_Supplied data_:
◇ ◇ ◇ ◇

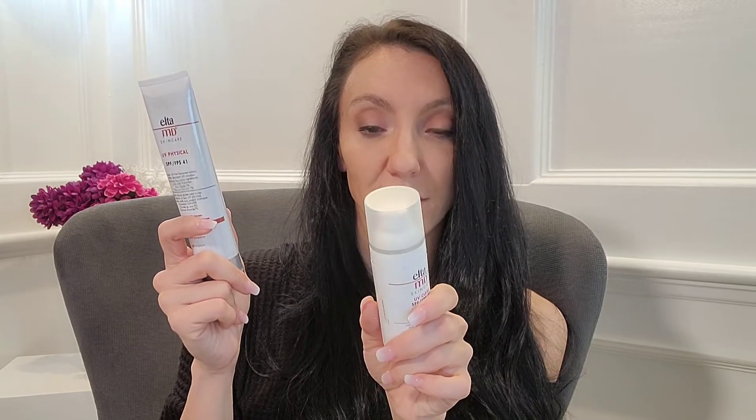In terms of active ingredients, both have the same percentage of zinc oxide at 9%. The UV Physical SPF 41 has 7% titanium dioxide, while the UV Clear SPF 46 has 7.5% octinoxate. That's the main difference, which is why this one feels a little lighter and the other is a little thicker.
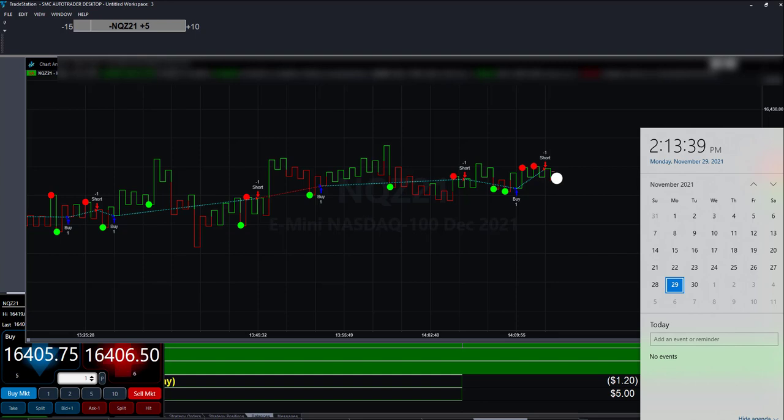I wanted to show everyone something right here that you're looking at. See that little white ball? We call that trade ball. Keep your eye for the duration of this little video on trade ball.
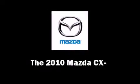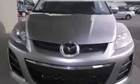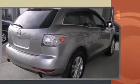The 2010 Mazda CX-7. It features an automatic transmission, front-wheel drive, and a 2.3-liter four-cylinder engine. Turbocharger technology provides forced air induction, enhancing performance while preserving fuel economy.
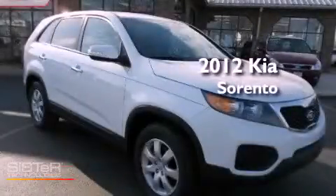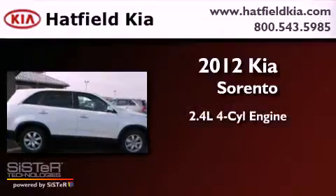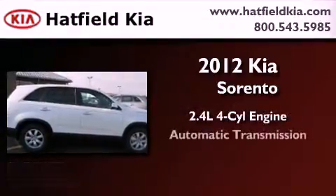This is a brand new 2012 Kia Sorento. It features a 2.4-liter four-cylinder engine and an automatic transmission.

◇ ◇ ◇ ◇

_Required work_: Every line from the one containing "The 2010 Mazda" through the last line of the listing must be written out again exactly, and no other line. Leave the pictures aside.

_Answer to this exercise_:
The 2010 Mazda CX-7. It features an automatic transmission, front-wheel drive, and a 2.3-liter four-cylinder engine. Turbocharger technology provides forced air induction, enhancing performance while preserving fuel economy.
This is a brand new 2012 Kia Sorento. It features a 2.4-liter four-cylinder engine and an automatic transmission.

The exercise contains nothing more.